**What to produce**. What you output must be the exact lines from the first line of the data through the one holding "An Evangelical Christian", with no pictures.

**Exercise data**.
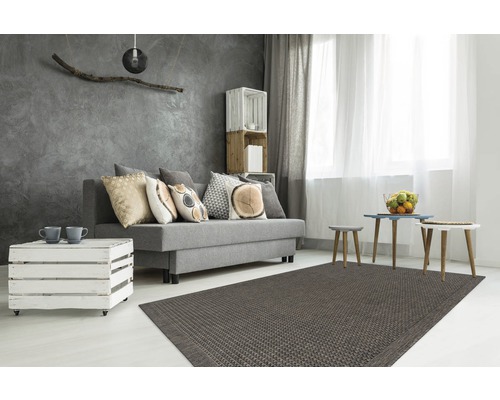 Salon avec canapé gris, coussins, table basse en caisses en bois, tapis et éléments décoratifs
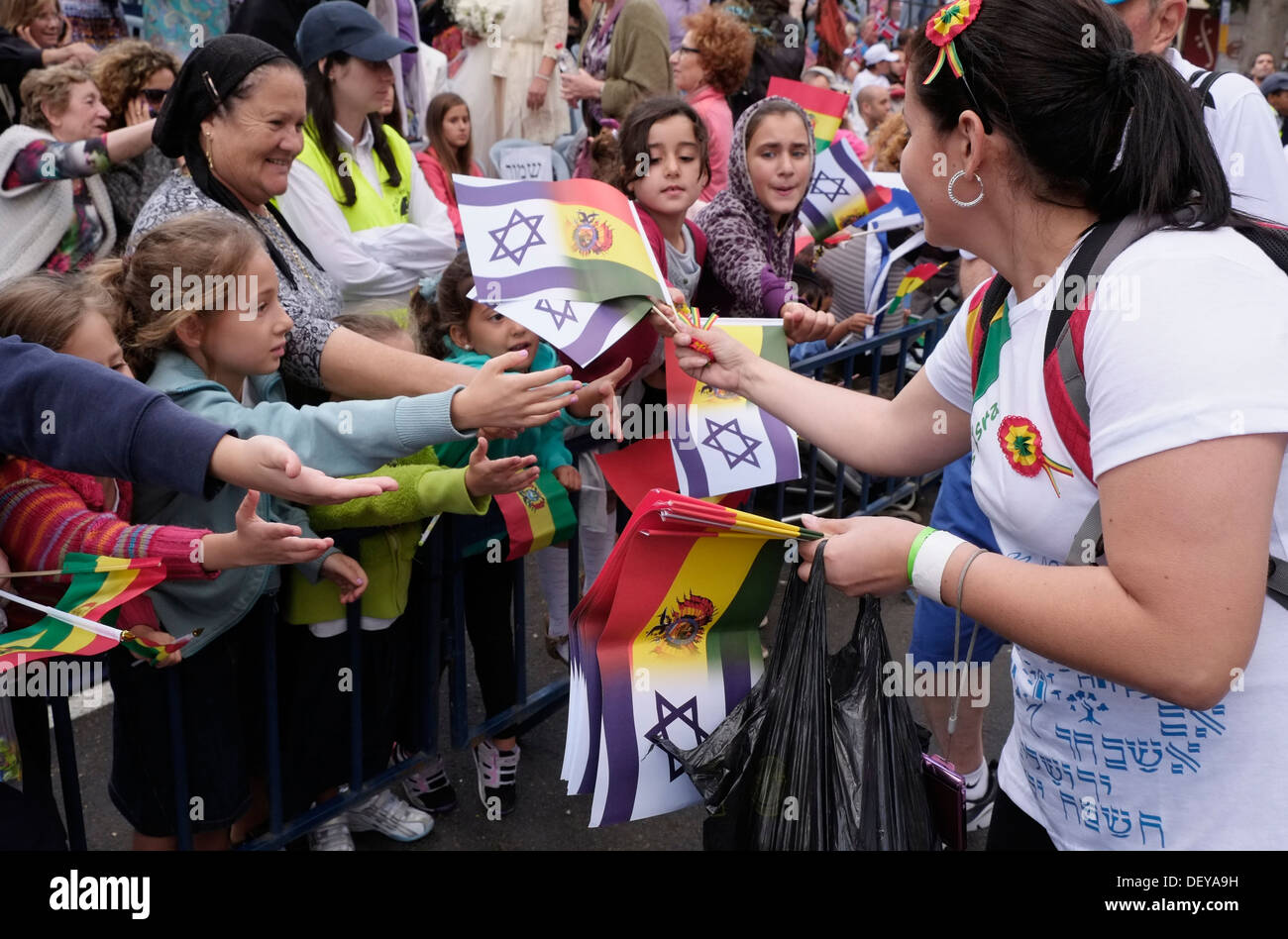 An Evangelical Christian from Bolivia distributing the Bolivian and Israeli flags to Israeli onlookers as she takes part in the annual Jerusalem's Sukkot Parade Israel. Thousands of Christians from around the world travel to Israel every year during Sukkot or the feast of the Tabernacles holiday to show their love for the Jewish people and the state of Israel. Stock Photo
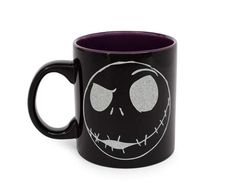 a black and purple coffee mug with the face of jack skellingy on it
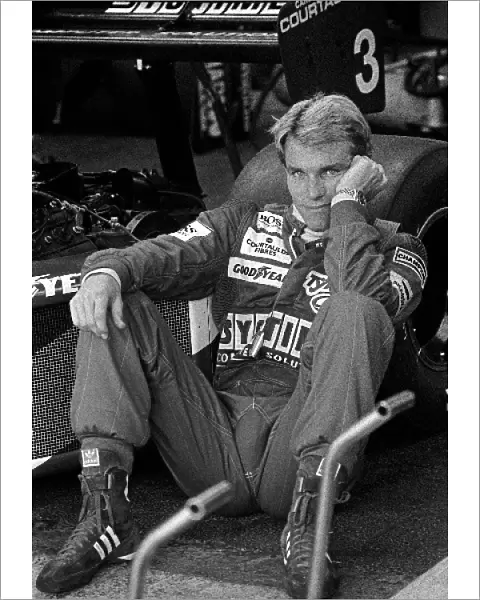 Formula One World Championship: Stefan Johansson relaxes on the rear wheel of his Tyrrell 012 before finishing ninth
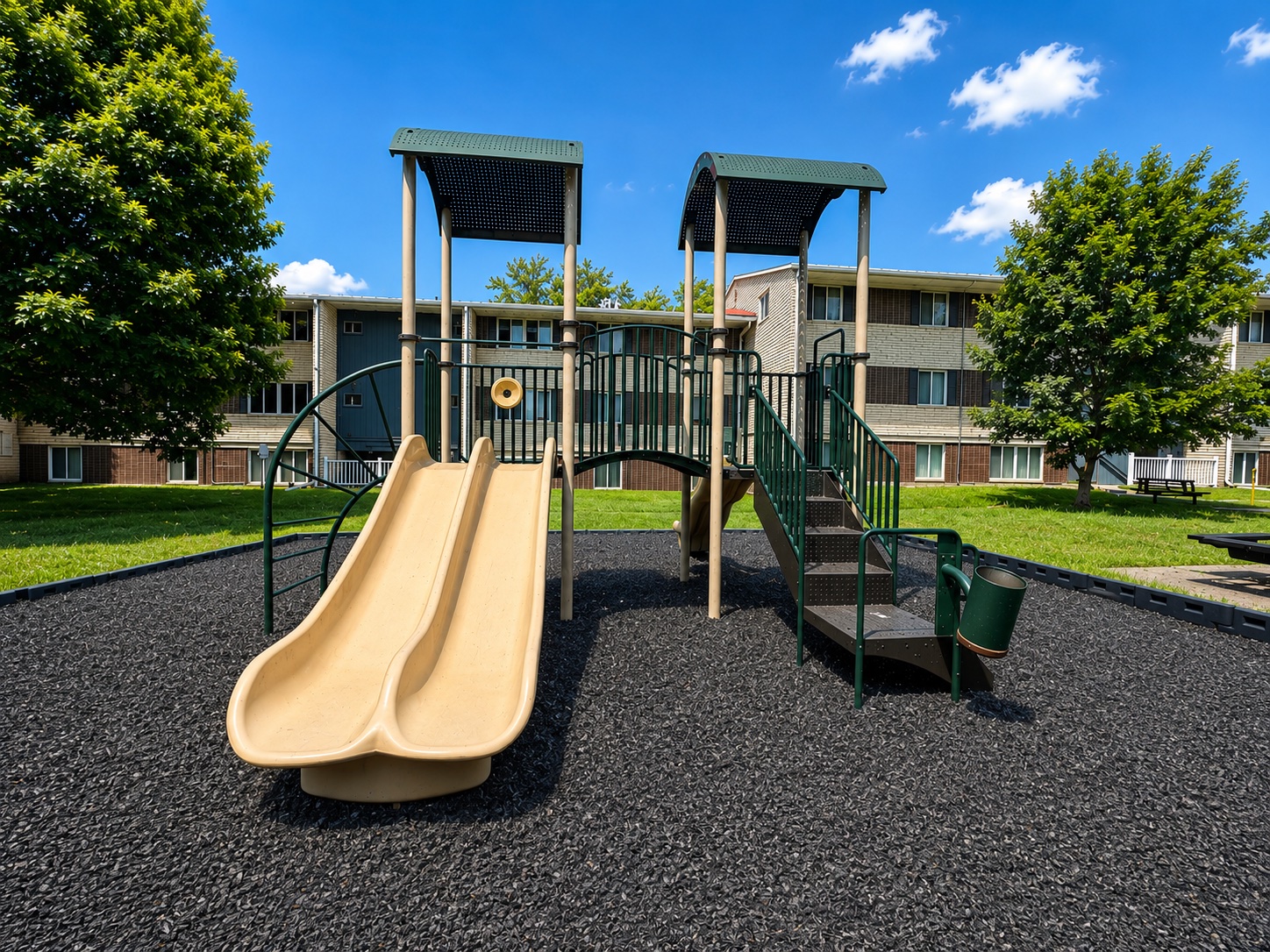 shade covered playground with slide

**Expected answer**.
 Salon avec canapé gris, coussins, table basse en caisses en bois, tapis et éléments décoratifs
 An Evangelical Christian from Bolivia distributing the Bolivian and Israeli flags to Israeli onlookers as she takes part in the annual Jerusalem's Sukkot Parade Israel. Thousands of Christians from around the world travel to Israel every year during Sukkot or the feast of the Tabernacles holiday to show their love for the Jewish people and the state of Israel. Stock Photo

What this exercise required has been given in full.